Bought for £1 by an enthusiast in 2004 who wanted to save the dilapidated boat from the scrap heap, it was then lovingly restored by a team of dedicated volunteers, with £3.8 million of financial support from The Heritage Lottery Fund and input from the ship repair specialist Cammell Laird.
The luxury liner’s Art Deco interior were recreated from original 1936 photographs and serves as a reminder of the resplendent days when she was used as both a passenger vessel and to tow long strings of barges laden with goods from the inland towns of Cheshire and the Potteries to the great seaport of Liverpool.
After a working life of over 80 years, she has now found a new lease of life as a cruise boat and provides opportunities for visitors to learn about how her operating engines and boilers work.

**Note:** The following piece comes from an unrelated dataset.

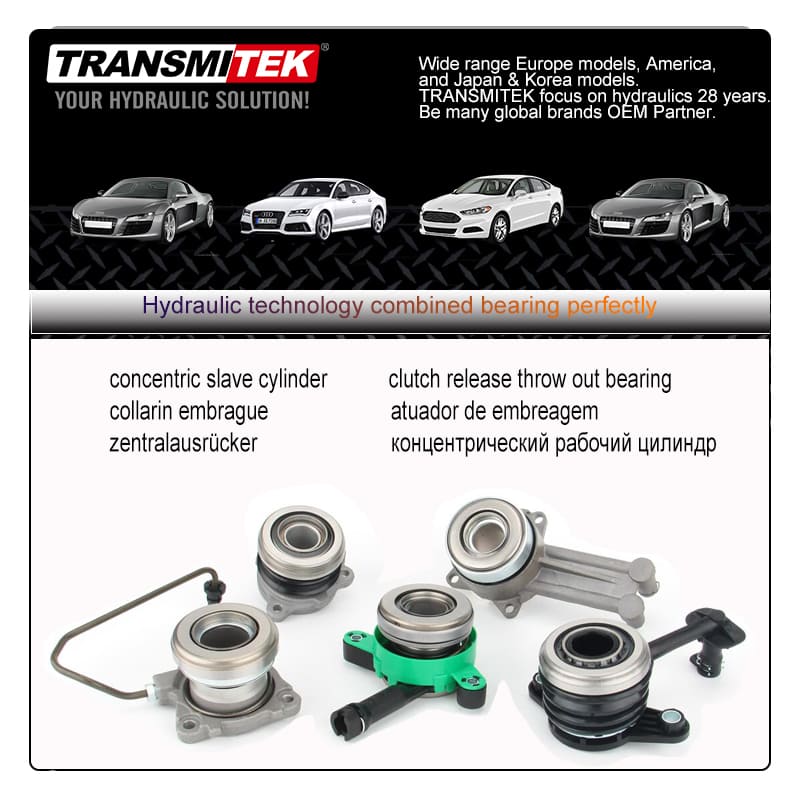 CSC009 for ford mazda concentric slave cylinder clutch premium quality factory TRANSMITEK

Previous winners of Engineering Heritage Awards include Alan Turing’s Bombe at Bletchley Park, the E-Type Jaguar and Concorde, the fastest ever airliner. In Northern England, past winners include Cragside, the first house in the world to be lit using hydro-electric power, and the Anderton Boat Lift, another engineering achievement in the history of the Cheshire canals.
The Danny is the 114th recipient of the award.